International law experts have warned a Spanish company, which has taken over the management of Australia's offshore immigration centres, that it could face charges of crimes against humanity. Professors at Stanford Law School reportedly issued a word of caution to Ferrovial, an infrastructure company, whose employees provide services to detention camps on Nauru and Manus Island in Papua New Guinea.
The camps have long been criticised by the UN, human rights groups and lawyers for not adhering to the international humanitarian law in handling its refugees, with several cases of abuse and forced imprisonment being reported.
"Based on our examination of the facts, it is possible that individual officers at Ferrovial might be exposed to criminal liability for crimes against humanity under the Rome Statute," the Guardian quoted Diala Shamas, an attorney at Stanford Law School as saying.
"We have raised our concerns with Ferrovial in a private communication to their officers and directors detailing out findings.

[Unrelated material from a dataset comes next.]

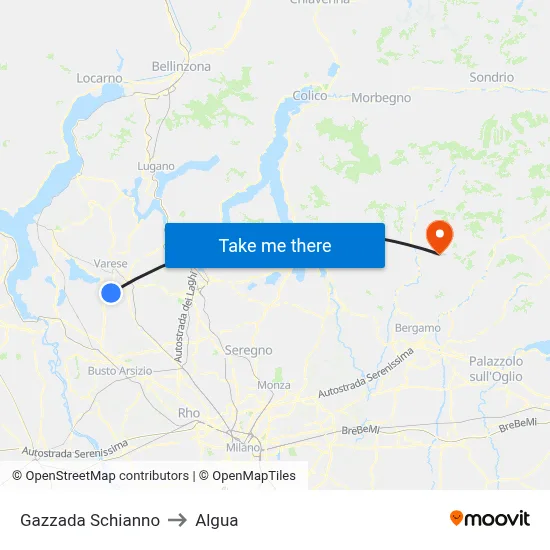 Gazzada Schianno to Algua map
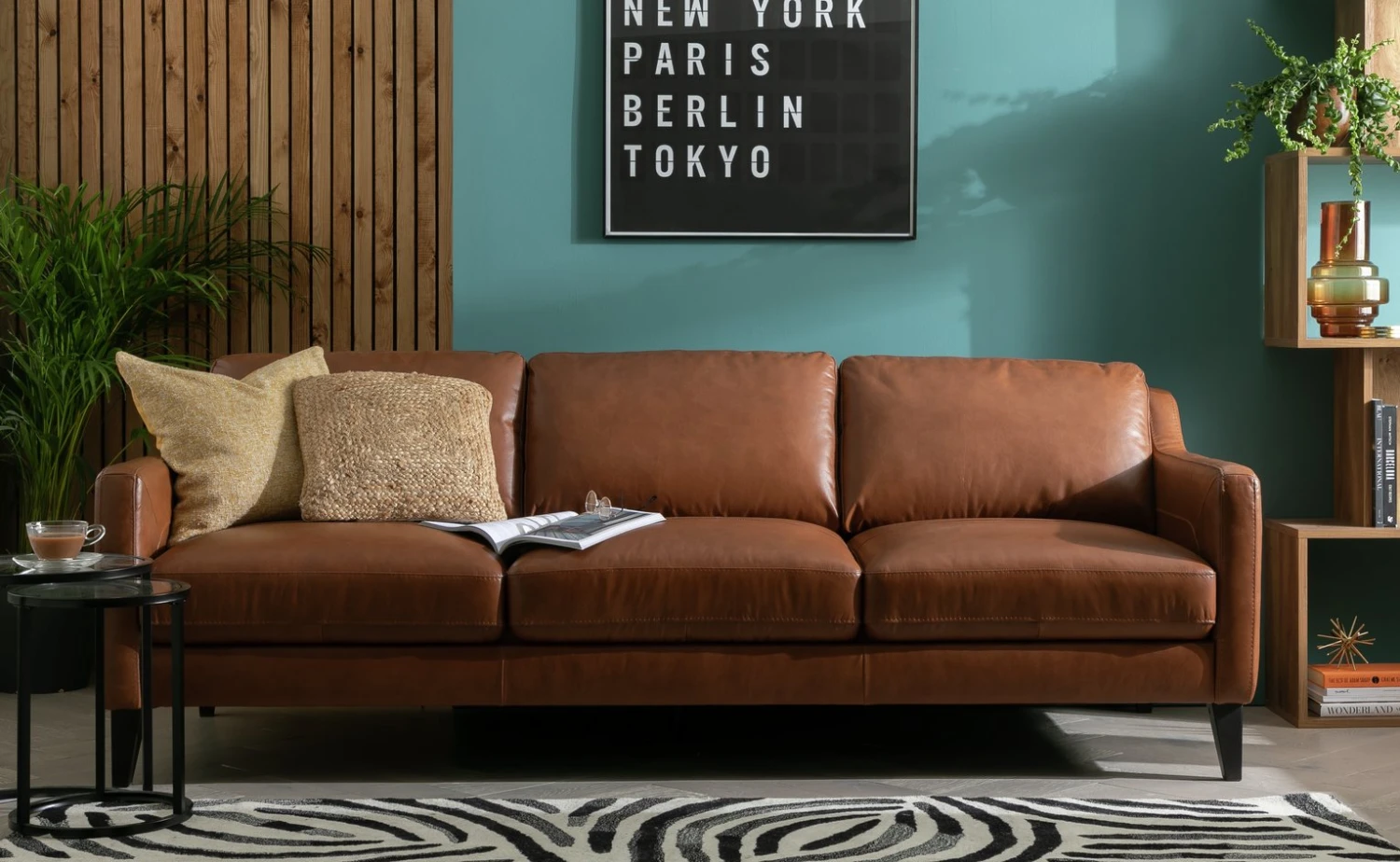 Habitat Leone Leather 4 Seater Sofa - Tan 4 Habitat Leone Leather 4 Seater Sofa - Tan - Image 2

We have yet to hear back."
The Spanish corporation that is managing the offshore processing unit since May also has significant shares in Heathrow, Southampton and Glasgow airports and is owned by one of the world's richest families.
The legal warning from the law experts have come in the wake of a new report released by rights group No Business In Abuse (Nbia) on Monday (25 July). The report called for Ferrovial to immediately close all its operations at both the camps saying "even one day of business in gross human rights abuse is too much".
Responding to the allegations, the Spanish firm told the Guardian: "Respectfully, but strongly, we rejected the factual and juridic allegations contained in it."
The multinational company also announced that it would not renew its contract with Australian government once it expires in 2017. However, it argued that many of the abuses detailed by the human rights firm in its report took place before Ferrovial's involvement in the camps and that they do not "run" the immigration centres but merely act as an important services provider. It asserted abiding by human rights law.
The Nbia's report also accused dozens of European and North American banks and investors in Australia's offshore centres who are financially backing Ferrovial. The company took over the management of the camps after buying it from a firm called Broadspectrum.
Australia introduced the concept of processing asylum seekers in its offshore detention centres in 2012. Anyone who arrives at the country without a valid visa seeking asylum status is sent either to Nauru or Manus Island in Papua New Guinea.
More than 1,300 men, women and children are being held on the two islands in which reports of abuse, rape and murder have been reported as committed by the authorities. In April, Papua New Guinea's Supreme Court even declared the detention camp as unconstitutional.